I have the following code and I would like to save the value of idx to use afterwards.
program use_value_allocatable
implicit none
integer :: i, ii
integer, dimension(3) :: array_save
character(1), dimension(3) :: array_char_ref = (/'a','b','c'/), array_char_1 = (/'c','a','b'/)
integer, allocatable :: idx(:)
array_save = 0
do i = 1, 3
idx = pack([(ii,ii=1,3)], array_char_ref == array_char_1(i) )
print*, 'i=', i, ', idx=', idx, ', array_save(i) =', array_save(i)
!!$ array_save(i) = idx
deallocate(idx)
end do
end program use_value_allocatable
Having array_save(i) = idx in the code leads to an error as follows:
Error: Incompatible ranks 0 and 1 in assignment at (1)
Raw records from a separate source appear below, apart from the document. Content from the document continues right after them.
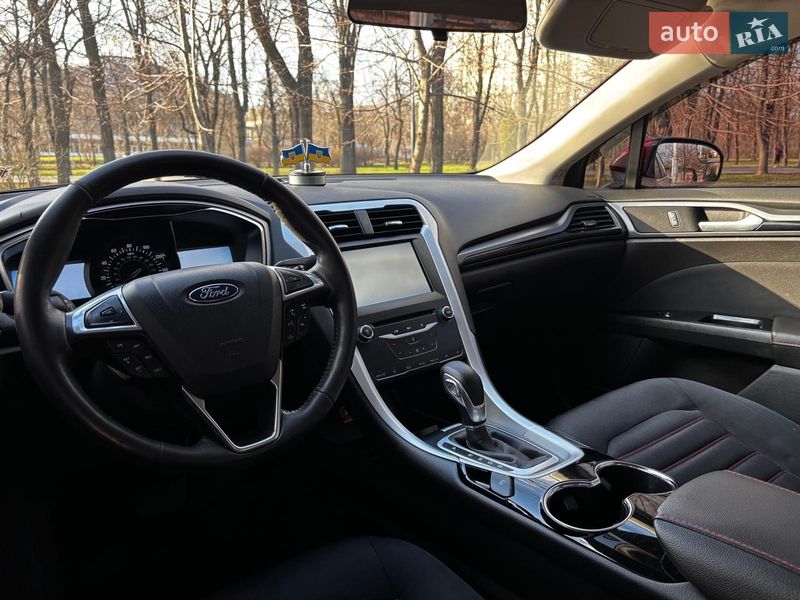 Седан Ford Fusion 2014 в Запорожье фото 17 Седан Ford Fusion 2014 в Запорожье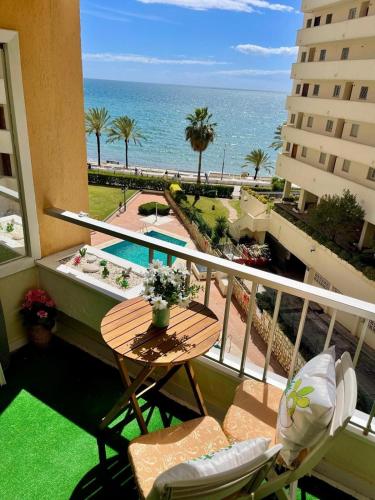 Estudio en primera línea de mar de Marbella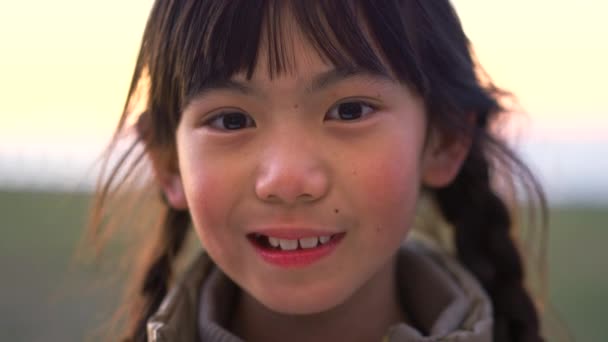 Ragazza Asiatica Bambino Viso Parco Con Sorriso Primo Piano Giocare — Video Stock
So, I can conclude that I cannot use the value of an allocatable variable (here idx). How I can circumvent this problem?
P.S.: in this example I assume that idx will always be an integer of dimension 1
As you say, "idx will always be an integer of dimension 1", so you just need
array_save(i) = idx(1)
i.e. you need to store the first (and only) element of idx in array_save(i), rather than the whole array.
A side note: you do not need the line deallocate(idx). idx will be implicitly re-allocated by the line idx = ..., and will be automatically deallocated when it drops out of scope.